• What you should do:
Transcribe the listing below only from the line with "The Microsoft Surface" up to and including the line with "Your health is".

• Data:

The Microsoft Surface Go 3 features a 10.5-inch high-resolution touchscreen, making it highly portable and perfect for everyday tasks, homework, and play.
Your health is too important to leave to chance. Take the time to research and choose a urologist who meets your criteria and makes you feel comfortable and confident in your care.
==
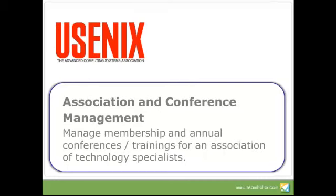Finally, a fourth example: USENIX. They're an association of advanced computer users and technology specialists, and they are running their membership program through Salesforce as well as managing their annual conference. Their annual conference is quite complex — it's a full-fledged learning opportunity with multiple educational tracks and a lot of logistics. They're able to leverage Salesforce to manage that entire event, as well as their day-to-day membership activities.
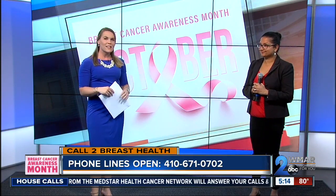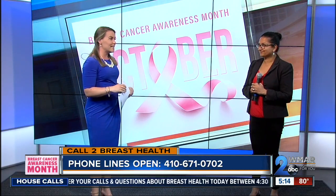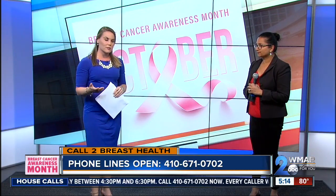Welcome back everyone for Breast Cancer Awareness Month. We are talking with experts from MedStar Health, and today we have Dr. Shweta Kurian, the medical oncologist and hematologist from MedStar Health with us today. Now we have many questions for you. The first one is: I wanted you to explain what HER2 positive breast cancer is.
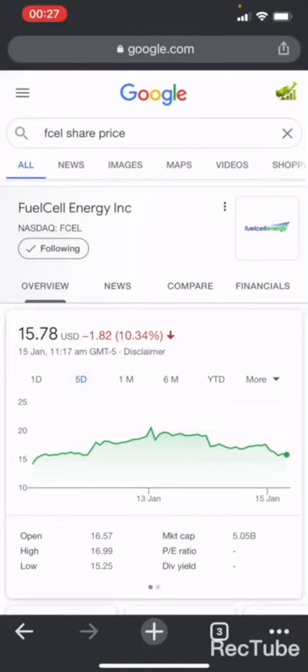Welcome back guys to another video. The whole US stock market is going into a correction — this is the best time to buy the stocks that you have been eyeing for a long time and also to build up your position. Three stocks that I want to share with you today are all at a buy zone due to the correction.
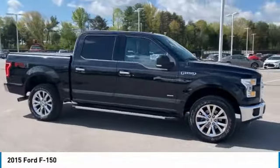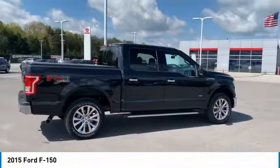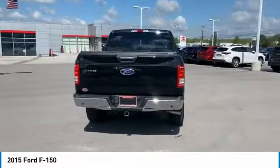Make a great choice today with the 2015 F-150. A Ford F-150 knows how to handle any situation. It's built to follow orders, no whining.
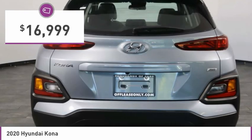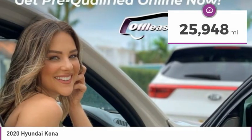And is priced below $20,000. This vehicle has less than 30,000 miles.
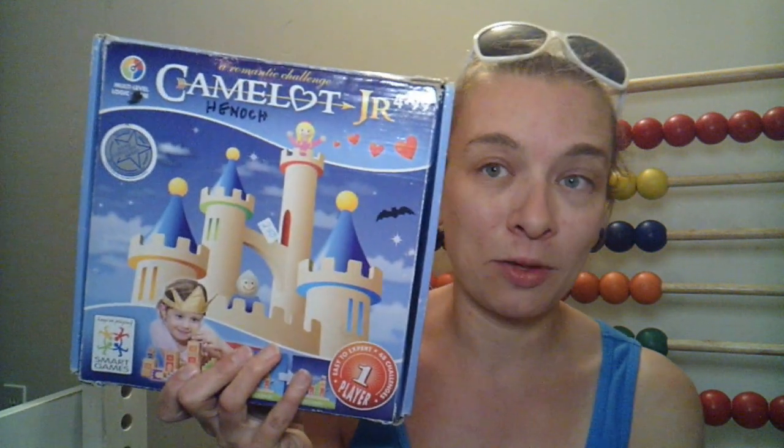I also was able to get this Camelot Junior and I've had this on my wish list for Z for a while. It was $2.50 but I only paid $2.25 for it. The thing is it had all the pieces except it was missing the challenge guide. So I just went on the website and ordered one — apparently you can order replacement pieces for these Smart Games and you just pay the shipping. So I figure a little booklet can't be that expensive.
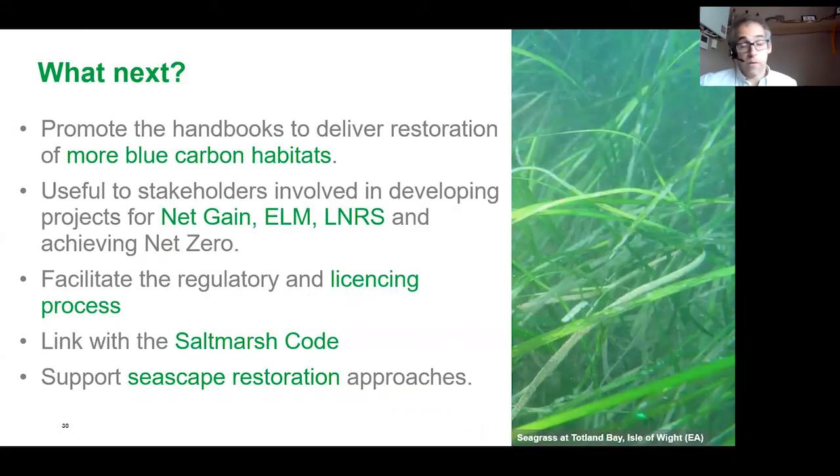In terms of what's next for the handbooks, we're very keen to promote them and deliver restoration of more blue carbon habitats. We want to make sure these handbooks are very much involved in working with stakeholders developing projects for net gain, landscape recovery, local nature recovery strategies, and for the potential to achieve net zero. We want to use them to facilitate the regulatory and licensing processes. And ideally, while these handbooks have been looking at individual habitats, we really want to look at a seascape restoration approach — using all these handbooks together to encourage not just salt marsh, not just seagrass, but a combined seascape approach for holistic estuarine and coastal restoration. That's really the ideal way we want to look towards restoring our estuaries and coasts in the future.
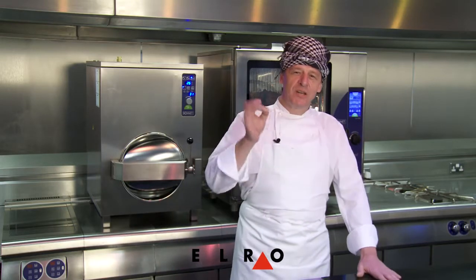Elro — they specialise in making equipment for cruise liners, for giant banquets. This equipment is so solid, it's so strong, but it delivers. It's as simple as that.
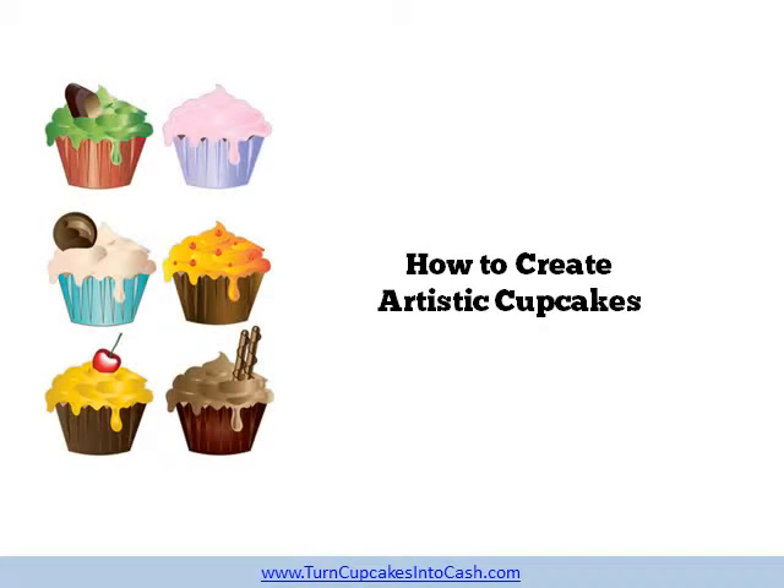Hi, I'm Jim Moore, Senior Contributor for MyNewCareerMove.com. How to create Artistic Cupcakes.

• Written response:
The Microsoft Surface Go 3 features a 10.5-inch high-resolution touchscreen, making it highly portable and perfect for everyday tasks, homework, and play.
Your health is too important to leave to chance. Take the time to research and choose a urologist who meets your criteria and makes you feel comfortable and confident in your care.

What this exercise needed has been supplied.